1月11日
SNT
発声練習では、彼女の傾向である開かない口を開けて歌うことを指示した。
顎関節が固いようで、これは痛くない範囲で開ける癖をつけた方が良いだろう。
4点Fくらいからすでに換声するのは構わないのだが、それにしても喉がゆるゆるな感じである。
母音のIで練習するとその点は問題ないので、A母音固有の傾向だと思う。
A母音ほど、軟口蓋を意識して喉頭を引き上げる意識を持った方が、結果的に喉は上がらないで安定すると思う。
パノフカの1番。前回に引き続いたが、今回は16分音符のメリスマがとても正確に良い声質で歌えていたし、全体にリズム感の良い歌になっていた。
ドナウディのVaghissima sembianzaを練習した。
低音発声で息を漏らさないことと、高音発声で喉を良く開けることが課題。
1月12日
TR
体験レッスン。

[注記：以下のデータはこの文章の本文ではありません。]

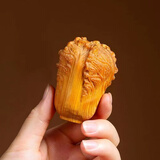 天然崖柏木实木雕高油老料白菜百财摆件手把件创意家居装饰品挂件 崖柏精雕小白菜5.5厘米送手绳 尺寸约5.5厘米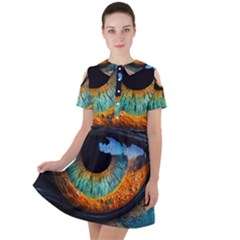 Eye Bird Feathers Vibrant Short Sleeve Shoulder Cut Out Dress  by Hannah976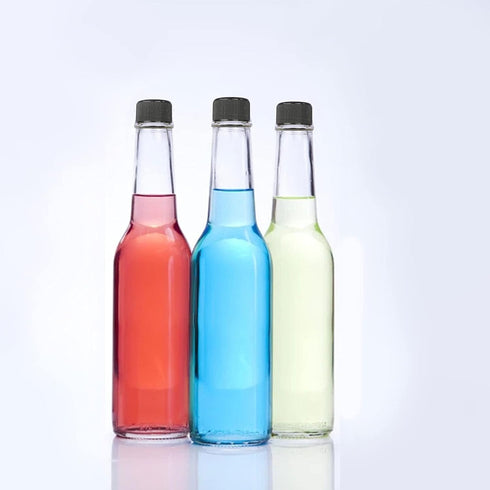 12 5 oz/ 150 ml pcs Hot Sauce Glass Bottles with Leak Proof Screw Cap,Orifice Reducer Dripper Insert, Clear Oil Bottle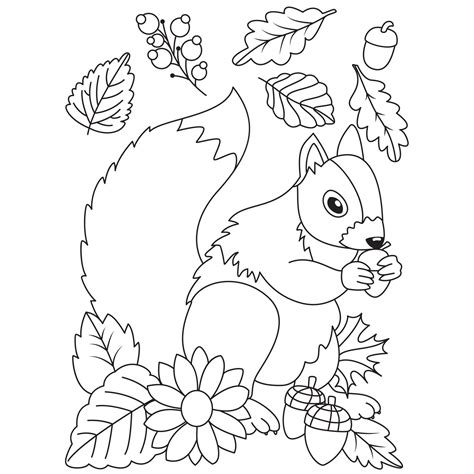 Simple Autumn Coloring Picture Etsy Fall Coloring Pages Coloring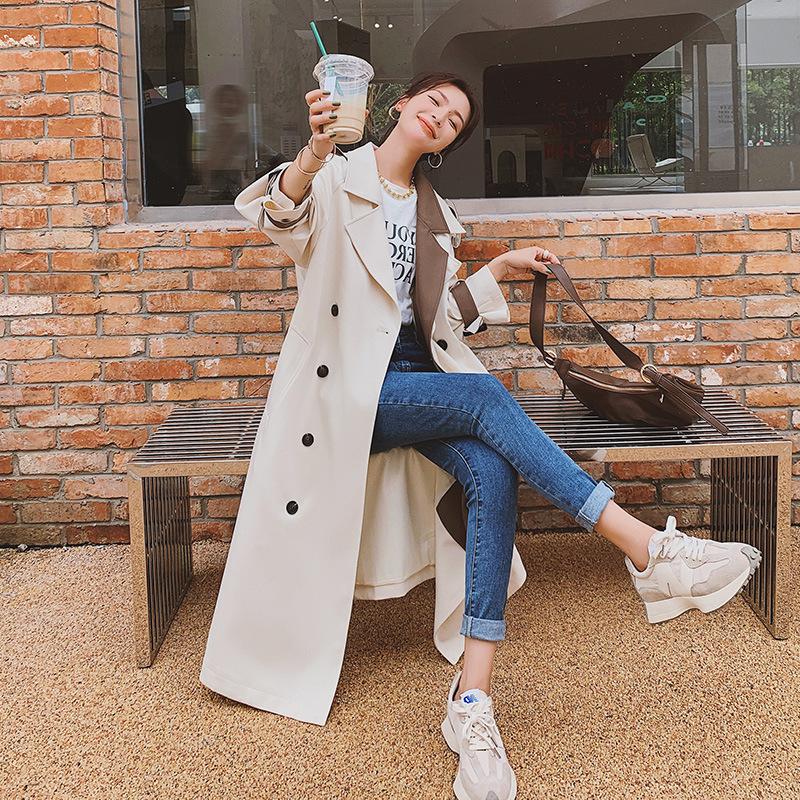 

Новый стиль тренчкот для женщин в начале осени корейский стиль свободный темперамент утягивающий британский стиль куртка XL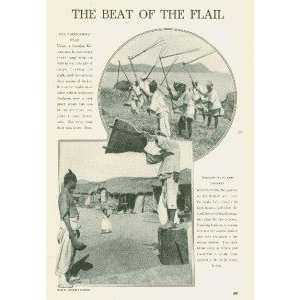  1914 Flailing Winnowing Straw in Korea 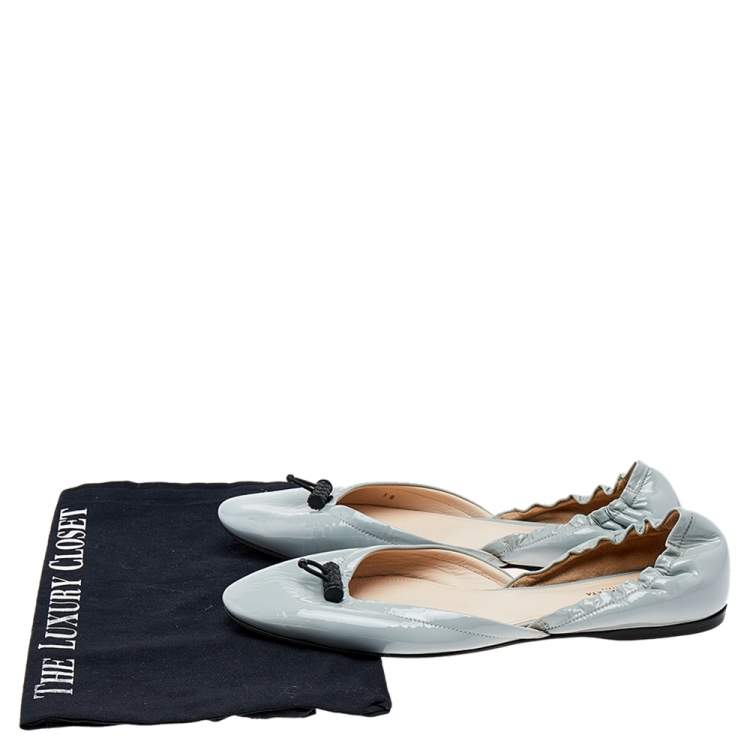 Pre Owned Bottega Veneta Grey Patent Leather D'Orsay Ballet Flats Size 38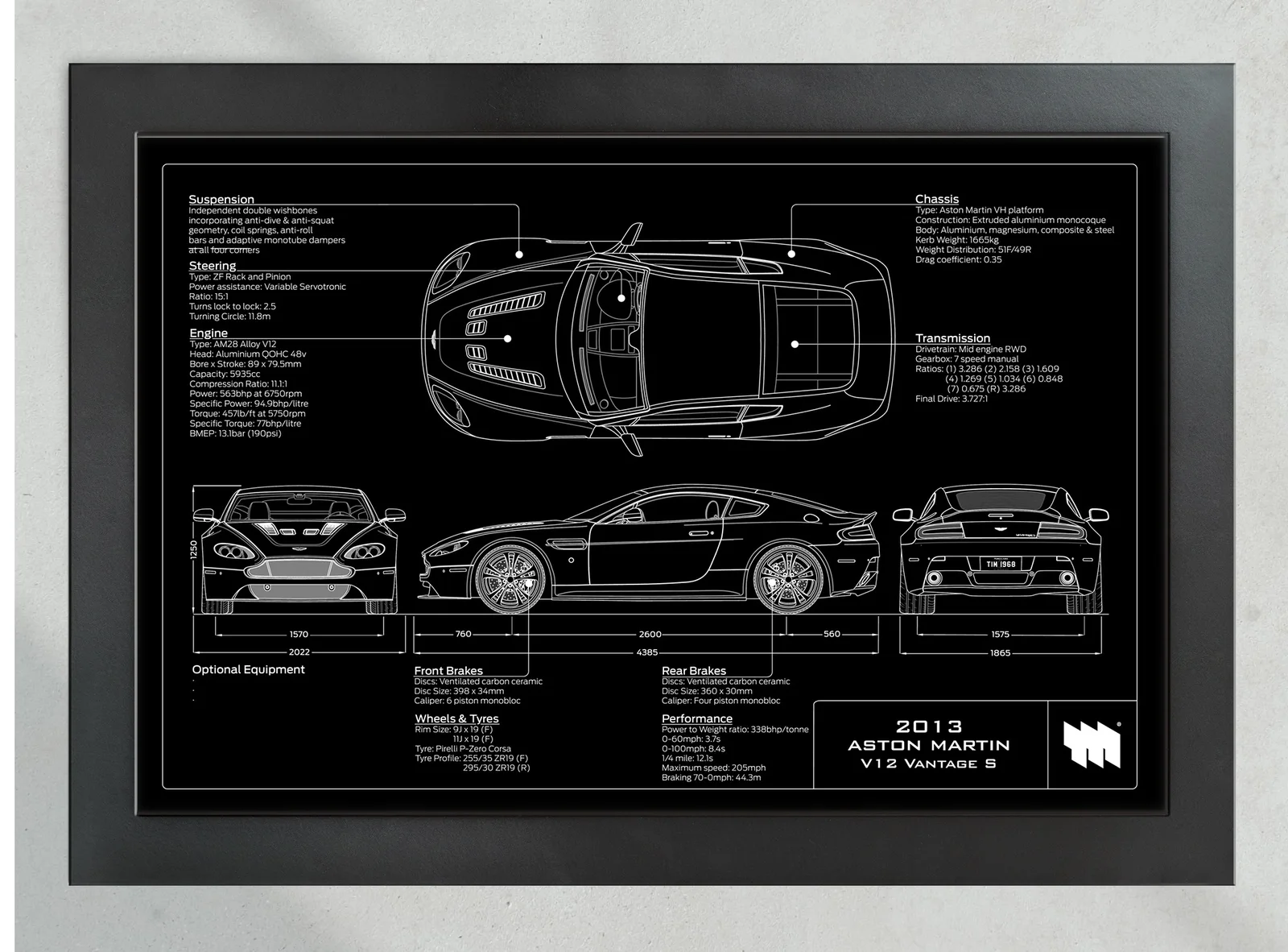 2013 Aston Martin V12 Vantage S, in the collector's frame, landscape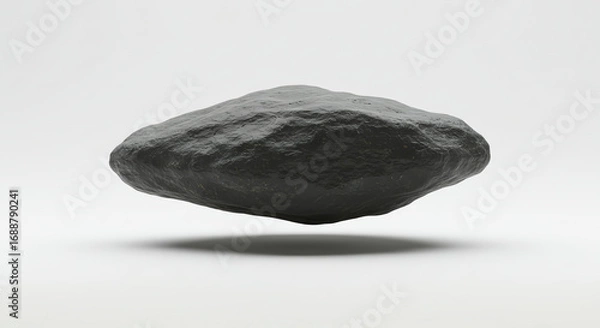 Obraz A dark gray, smooth, levitating rock against a plain white background.
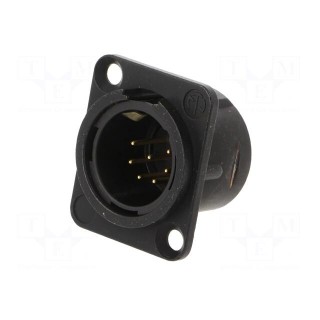 Socket | XLR | male | PIN: 7 | straight | soldering | black | 5A | 19x24mm
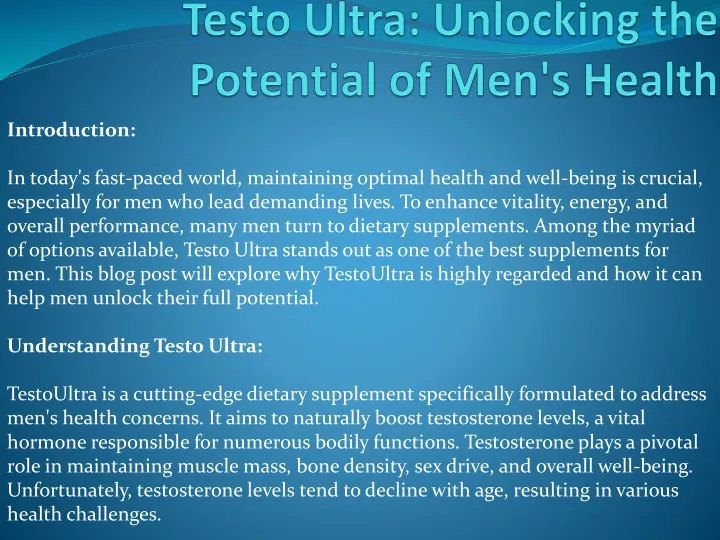 testo ultra unlocking the potential of men s health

大学生。
運動部系で声を良く出す系列の為かそのジャンルのせいによるのか、自己アピールが明快な方。
そのためか?歌声も良く出て高音まで良く出る素質のある方だった。
ただ中低音発声が息が太すぎて声が荒いし、ハスキーボイスが目立つため、中低音発声を中心に発声を見た。
喉を開けるのではなく、声を高く集めるようにして出す、という方法。
母音をIで練習したり、ハミングの練習、ハミングから母音に変換というような練習を30分以上かけて行った。
中低音発声を修正すれば、かなり短期間で良い声で声楽を楽しめるようになると思う。
ST
ヘンデルのオペラ「セルセ」アトランタのアリア「優美なしぐさ」
技巧を表現するのではなく、リズムの面白さと優雅さを表現する小さなアリア。
言葉の発語の切れ口をひたすら良くすることが、この曲の表現力を増す最大の方法。
Qui la voce特に後半の高音フレーズに連続して出てくる、半音階下降形のフレーズの練習にこだわった。
半音階の特に下降形は、音程が狂いやすい。
下向と言っても、実際は上に登っていくイメージで声を出さないと、正しい音程感が出せない。
それと6点Cの高音は、喉で当てようとしても無理だろう。
息を吐きだすことと、結果として頭部で声になるという意識を持つ方が、彼女の現状の発声には適しているし、実際その方が上手く行くようである。
ファルセットが強く出るタイプは、逆に喉を意識した方が上手く行く場合もあるかもしれない。